My eyes filled with tears and I felt shaky seeing that picture. I took a deep breath,opened my eyes a little wider so that the tears wouldn't fall and looked away hoping that the librarian wasn't noticing what was going on inside my head, that she wouldn't see how hard I was fighting the tears.
She repeated a question to me about one of the kids names and I could see that she saw that I was distracted. She smiled a smile of comfort, I smiled back and we finished checking in my kids library books. I pushed away those feelings and came back to where I needed to be, not thinking about the deployment and being in the moment right where I was standing....telling Katie she was absolutely not checking out a handful of books right now and then when she asked me why I smiled and pointed to the stack of books on the counter that were turned in late.
We finished up all of our errands we had to run. We went home and the kids helped me tear up all five loaves of french bread for the stuffing we had to make. Jerome and I staid up until about 2:30am Wednesday night cooking and baking. He helped me with the turkey, actually he did everything with the turkey, it was to heavy for me to lift. I made a tripled recipe of stuffing, two pans and enough for stuffing the turkey. I also made his favorite apple pie. The apple pie that I usually dread making because of the time involved.....it is completely made from scratch. But this year was different. I wanted to make this year special.

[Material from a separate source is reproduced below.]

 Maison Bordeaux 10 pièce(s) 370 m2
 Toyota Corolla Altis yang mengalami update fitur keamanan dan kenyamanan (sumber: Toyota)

We slept in a little Thursday morning and then we all watched some of the parade. Natalie and Katie helped me fold the napkins (after using google to find out how to fold them) for the table. I bought them after Christmas last year and loved them. I couldn't wait to put them on the table this year.
All of my family arrived and we sat down to a wonderful Thanksgiving dinner. We all sat around the table talking and enjoying being together long after our plates were cleared and our bellies full.
Caleb enjoyed playing with his cup.
We all finished the evening up with dessert. Laci's German chocolate cake made it almost here in her beautiful cake stand, but as the brakes were hit the cake she made tipped over. It was delicious anyway....
Mom made two pumpkin pies....
Bradley and Caleb enjoyed playing with cool whip while the rest of us ate our pie or cake and a few of us will never forget the taste of the coffee Jolena made, haha. We had a wonderful Thanksgiving dinner and enjoyed it very much.
Apple Pie Recipe
Mix 1/3 c honey, 2 Tbs. sugar and cornstarch, 1 tsp. cinnamon and a dash of salt in a large bowl. Stir in 2 Tbsp. melted butter. Then add apples (about 6 large, peeled, cored, and sliced).
Mix 2c all-purpose flour, 2 Tbsp. sugar, 1/4 tsp. salt, and 1/4 tsp. baking powder in another large bowl. Cut in 3/4 cu shortening until pieces are the size of peas. In a glass measure combine 1 beaten egg, 1 tsp. vinegar and enough water to make 1/3 c liquid. Add liquid to mixed flour mixture and mix until the right consistency. Divide in half and form each half into a ball. Cool in refrigerator for about 1 hr. before working with dough.
Place dough in pie plate and pour apple mixture inside. Place the other rolled out dough over pie. Poke holes in top or make decorative cuttings and pieces and place on pie. Finish edges.
In glass measure combine 1 beaten egg and 1 Tbsp. water. Brush over top of pie. Sprinkle sugar on top.
Bake 350 degrees for 30 minutes with foil around edges. Bake an additional 30 minutes without foil until pastry is golden and filling is bubbly.